Compute and engineering overhead for "XML as RAM" setup?

Note: This can be filed away in the "rant-y" stream-of-consciousness category, as I have yet to run into issues for a real problem just yet. There are other issues that I face for Drake, such as those mentioned in #103 (closed), which could be worked around with the pygccxml comment support.

I am concerned about the scalability of the CastXML + pygccxml for the following reasons:

Design redundancy. I understand a bit of the gccxml -> CastXML (clang vs. gcc) progression for legacy reasons. However, I can't help shake the feeling that this is another "beating around the bush" to have a more digestible interface to Clang's parsing API. With pygccxml, it feels almost wholly redundant to clang.cindex - except that it fixes certain things and makes queries a bit easier.
Prototyping speed. In #92, I was complaining about not having information already provided via Clang's AST. While it's true CastXML provides stability, I am also fine with fixing my clang/llvm version for my project. Additionally, any new features must be plumbed through pygccxml (e.g. comment strings). This probably isn't that much overhead, but feels like a bit of engineering overhead.
Compute / disk overhead. All usages of pygccxml that I see are generally "ephemeral" - point it at some source, generate some CastXML output in a tempdir, then throw it away. Some explicit caching can be done (either via pygccxml API for writing/reading CastXML directly, or using the project reader shindig), and some optimizations can be performed (e.g. the init_optimization for lookups in pygccxml), but it still feels oddly... wasteful, given that all the information was available in memory at one point in time with clang (hence the "XML as RAM" title).

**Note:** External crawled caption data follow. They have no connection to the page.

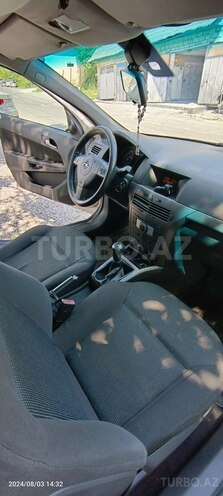 Opel Astra 2005, 300,000 km - 1.4 л - Şəki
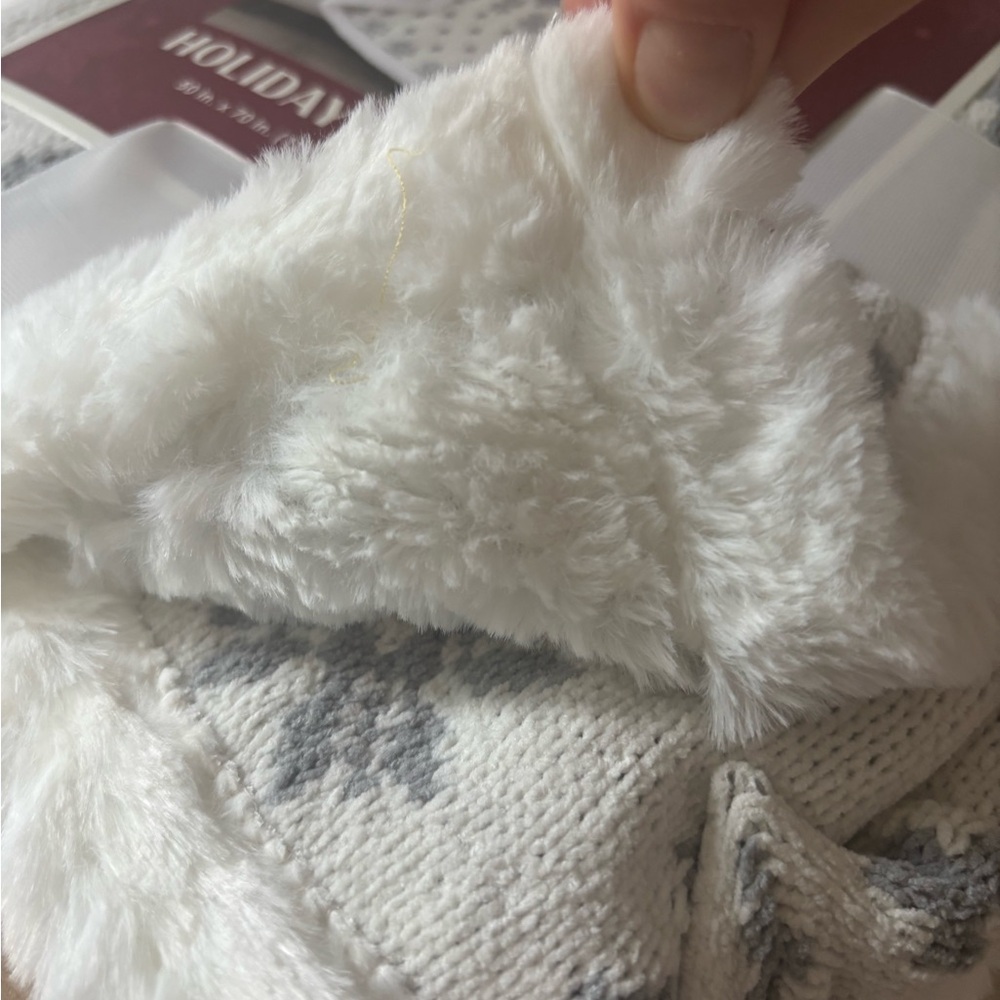 Cozy Snowflake Pattern Holiday Throw Blanket - Gray and White - Picture 4 of 4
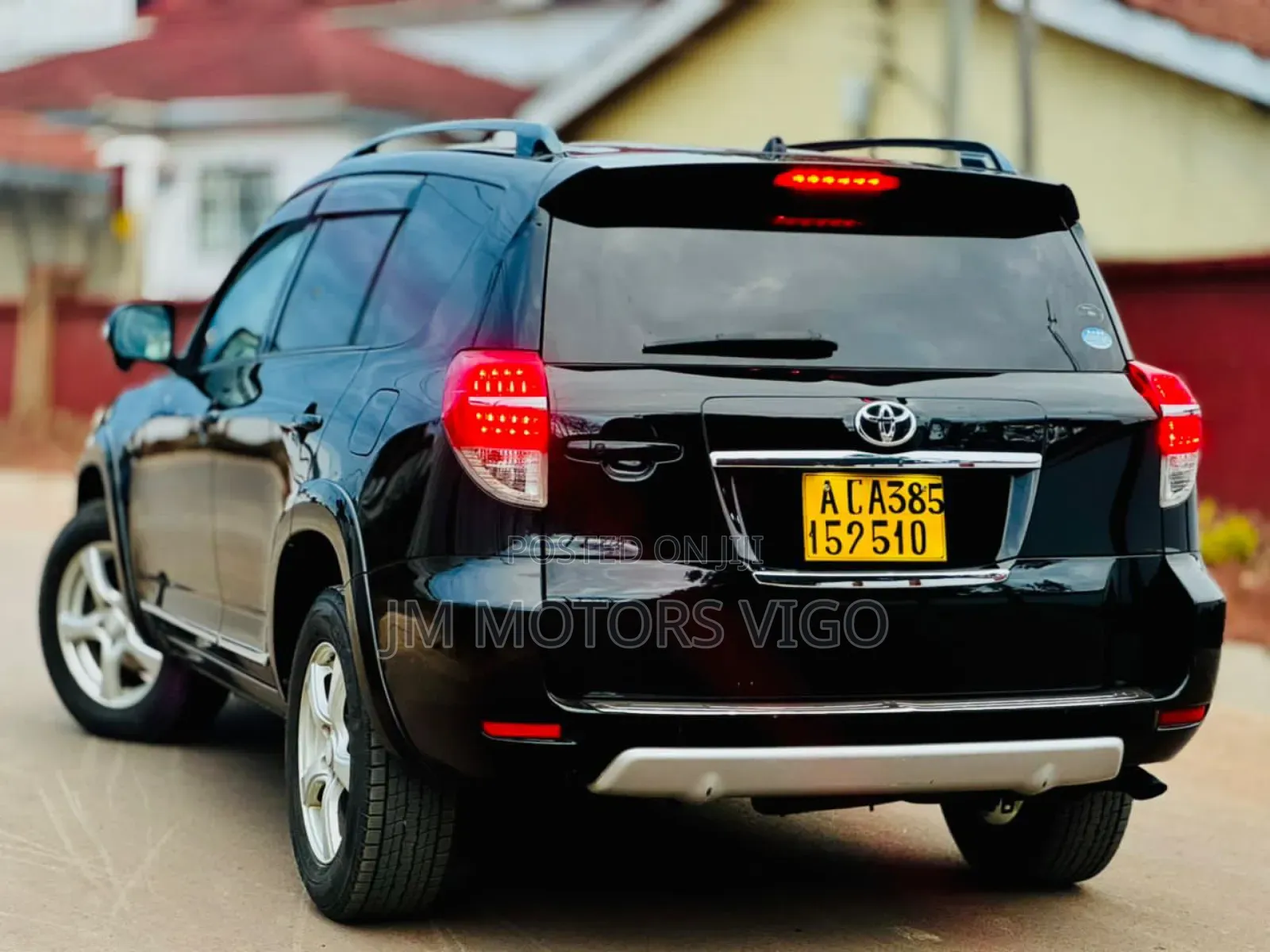 Toyota Vanguard 2011 Black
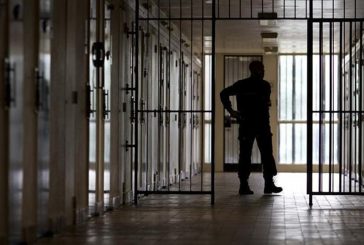45 يوما على إضراب المعتقلين الفسفوس وخلوف ضد اعتقالهما الإداريّ وسط مخاوف على حياتهما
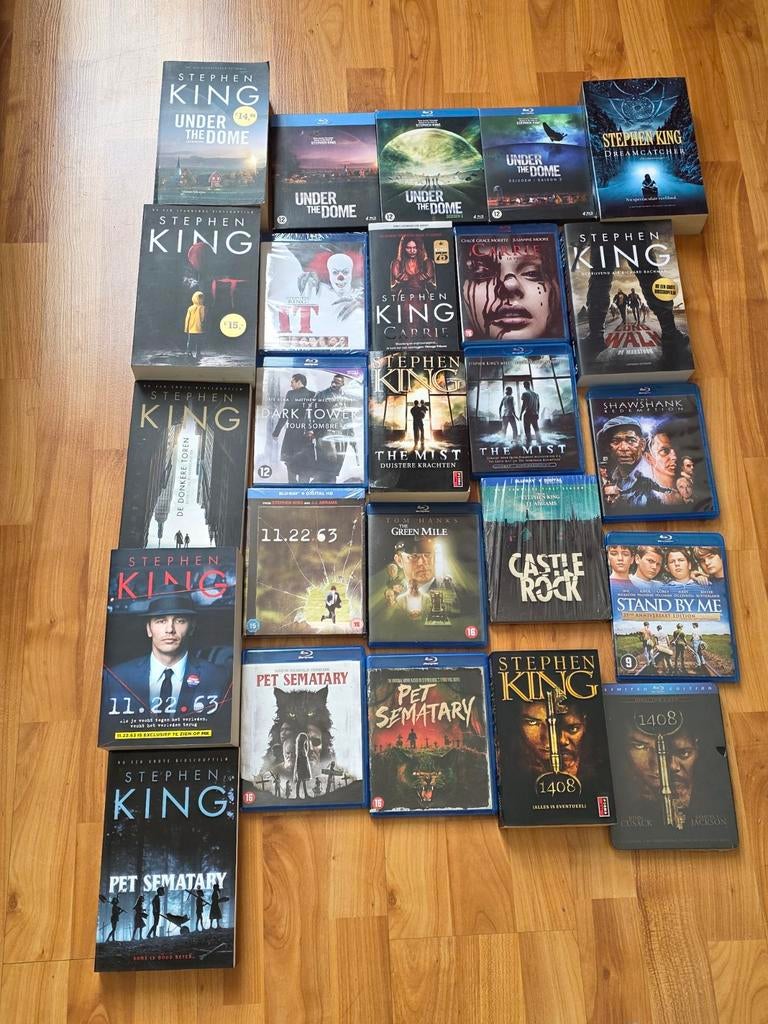 Stephen King Under Dome Castle Rock 11.22.63 Carrie Pet 1408, Cd's en Dvd's, Blu-ray, Ophalen, Zo goed als nieuw, Boxset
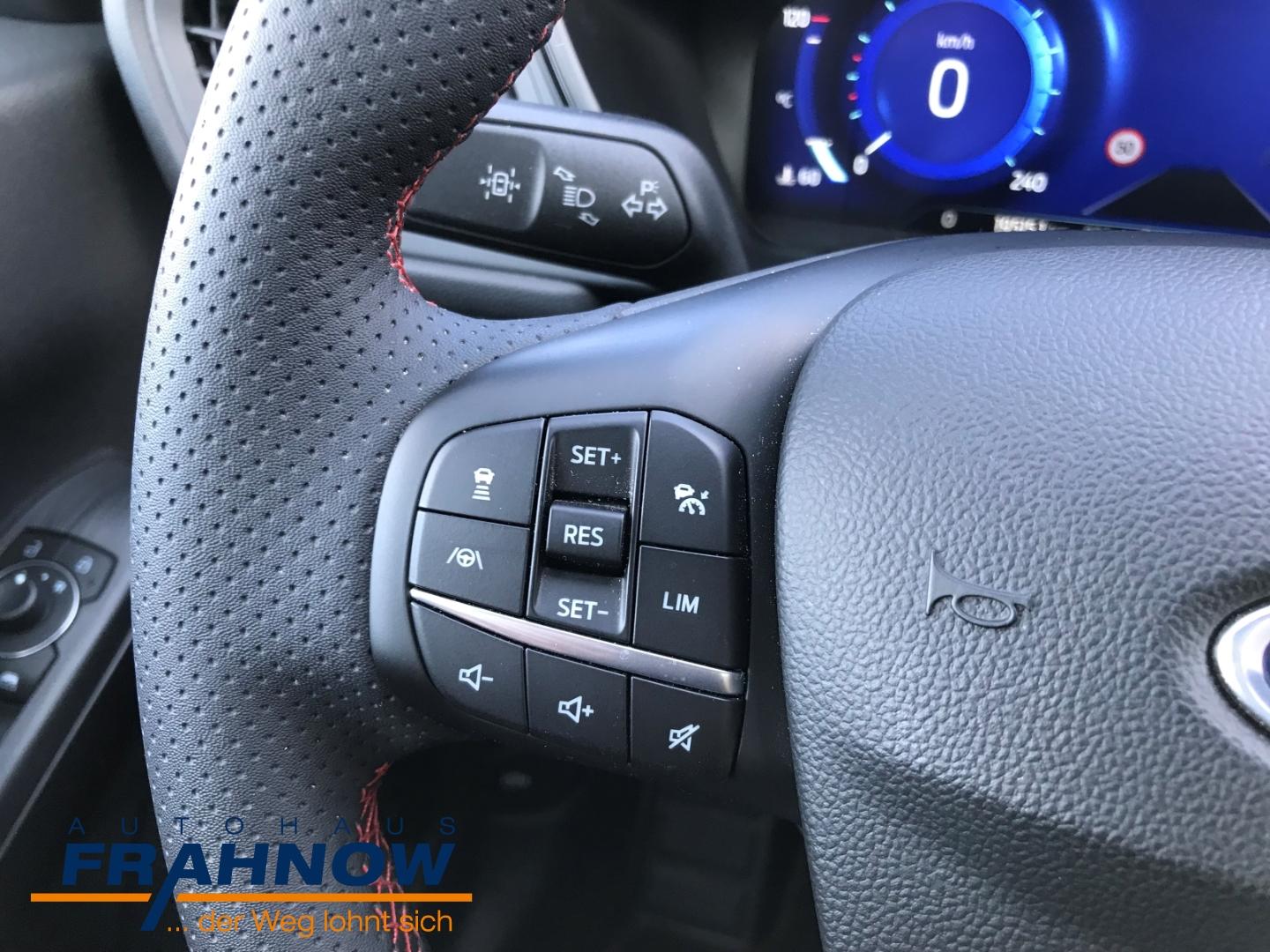 Ford Kuga Plug in Hybrid ST Line X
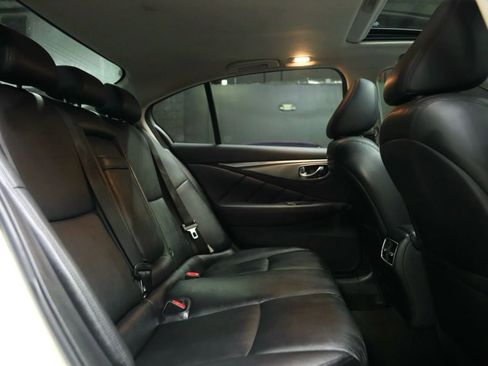 Used 2017 INFINITI Q50 2.0t w/ Moonroof Package RWD image 29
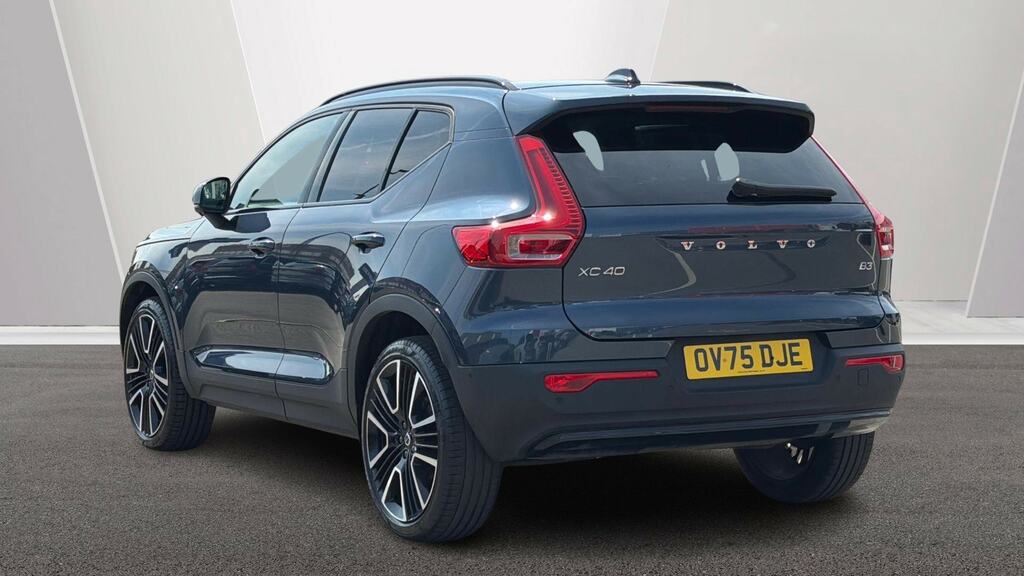 Volvo XC40 2.0 B3p Ultra Bright OV75DJE Blue #2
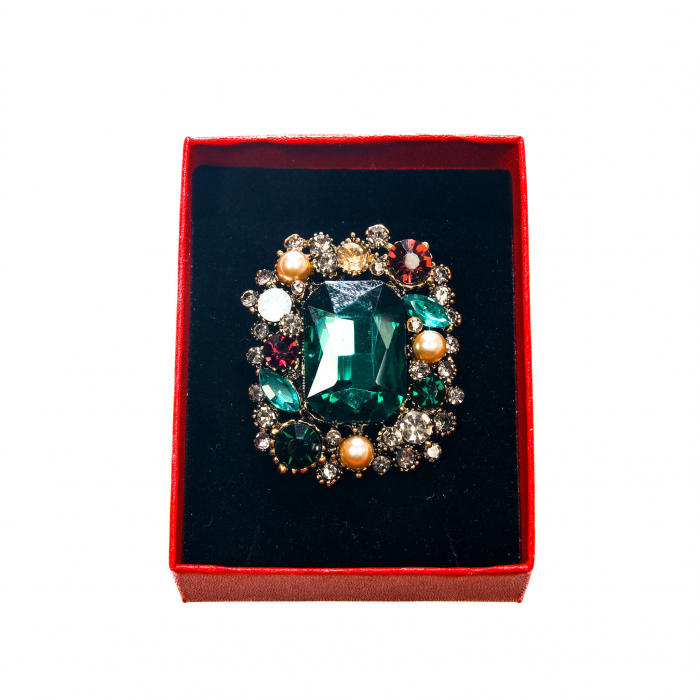 Brosa medie eleganta aurie cu pietricele verzi [3]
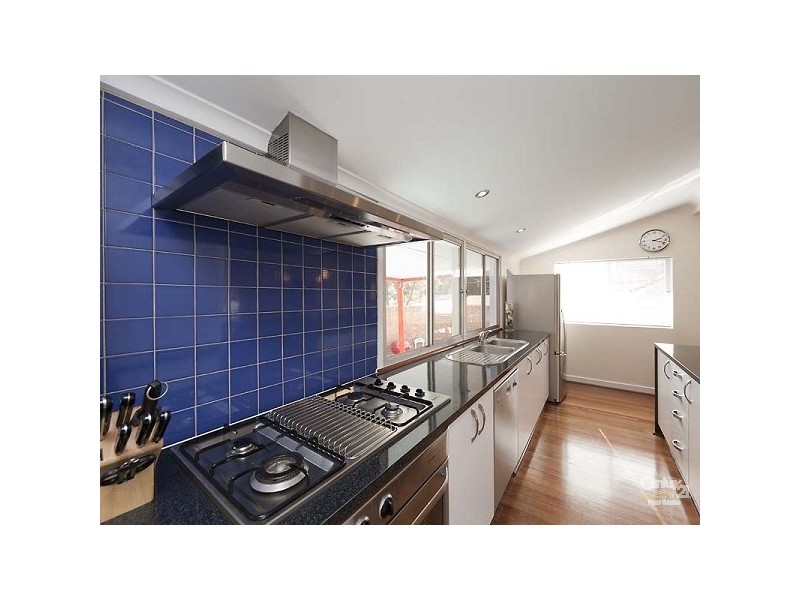 59 Redwood Crescent, Melville WA 6156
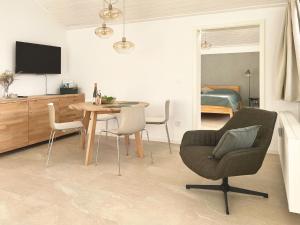 Μια τηλεόραση ή/και κέντρο ψυχαγωγίας στο nava-suites - 2-Zi-Appartement mit Naheblick mitten in Bad Kreuznach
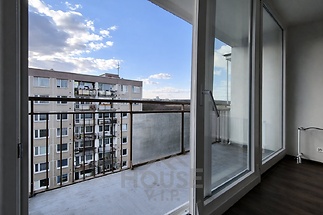 DC0B81F3-0EB2-4022-8276-C147A144CAB9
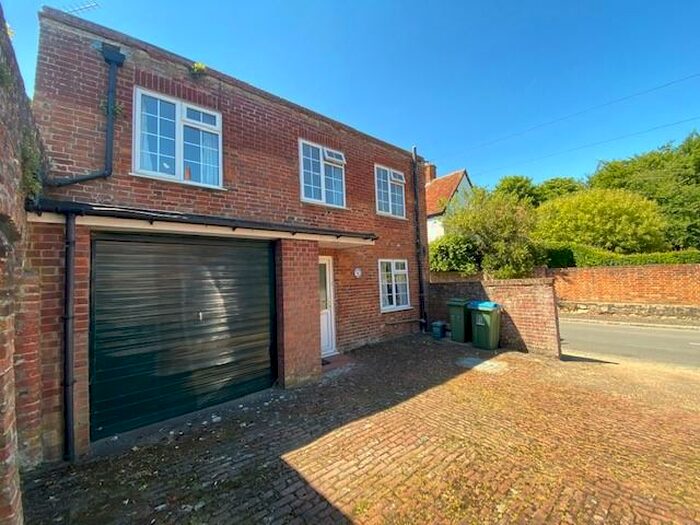 1 Bedroom Cottage To Rent In Oving Road, Whitchurch, Aylesbury, HP22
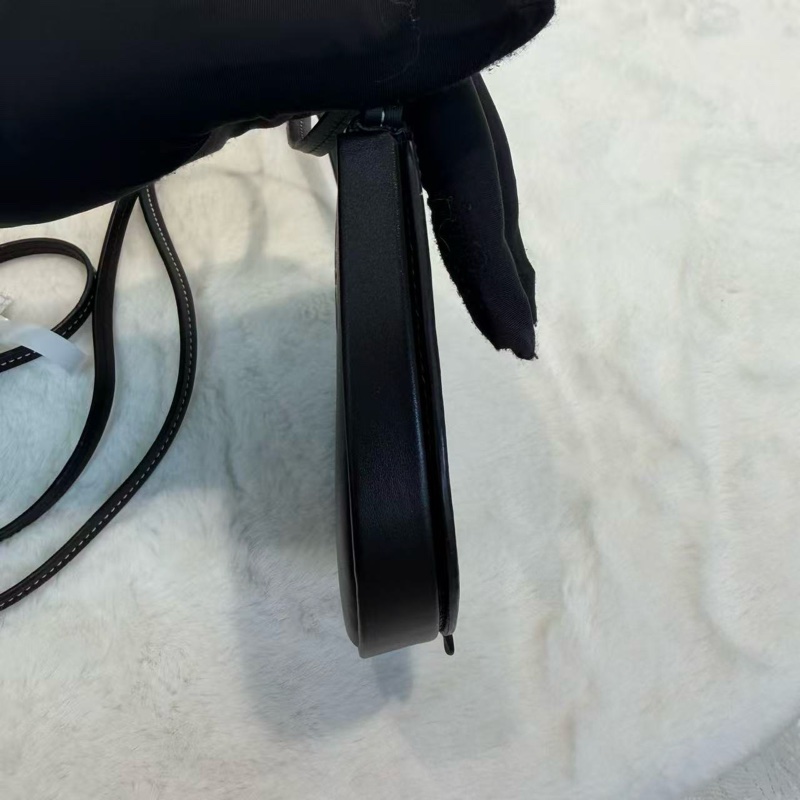 Loewe calfskin heel pouch▪️迷你x可愛小個子最愛-7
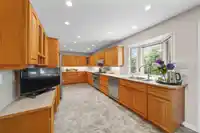 5174 DENNISON DRIVE - thumbnail 7
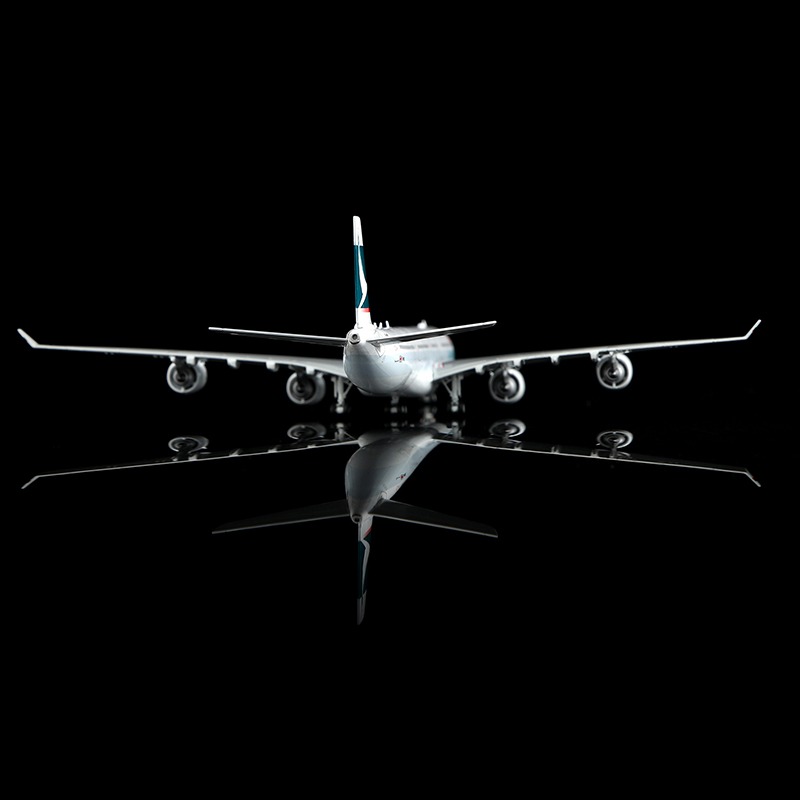 YY Wings 1:400 Cathay Pacific Airways B-HQC Airbus A340-600 - Image 11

Possibly, all this may just boil down to my desire to "move fast and break things" and "shoot for the moon", whereas CastXML + pygccxml very much have the "get it done" mentality and have well-scoped problem sets and existing solutions (and thus have some builtin inertia).

Action Items: 🤷 I'll still try to tinker more with pygccxml and get real use cases underway before complaining too much more in the abstract.

For now, I'm just doing some shallow performance and quality benchmarks of pygccxml vs. clang.cindex, identifying gaps between the two, and seeing what a dumb project like directly binding clangs C++ API looks like using autopybind11 - both for addressing this issue, and for checking autopybind11s usability itself.

One such shallow benchmark:

https://github.com/CastXML/pygccxml/issues/129

One semi-crazy idea is to see if pygccxml can have an adapter to use an in-memory solution (clang.cindex or whatever else) rather than the RAM -> XML on disk -> RAM indirection. pygccxmls API is still baller.

\cc @brad.king @jamiesnape

TTBOMK, CastXML effectively serves as an abstraction layer on top of Clang's AST API, but also a (possibly necessary) information bottleneck -- partially for just information density (e.g. a person looking at the output), but also for efficiency given that CastXML must be stored on disk and uses a heavy text-based format, XML. CastXML does some legwork of forcing instantiations to take place via Clang's AST API, and does the proper set of passes to take the generated symbols, with explicit relations (via the id setup), and dump them in an API-stable way. CastXML also provides quite a few compatibility shims for parsing code (what looks like an MSVC compatibility mode, etc).

pygccxml serves as a further processing of this output, reading the XML output from CastXMl, and then re-establishes the correspondences but generally with less granularity than clang (due to the information bottleneck, and the design of CastXML).

Edited Aug 01, 2020 by Eric Cousineau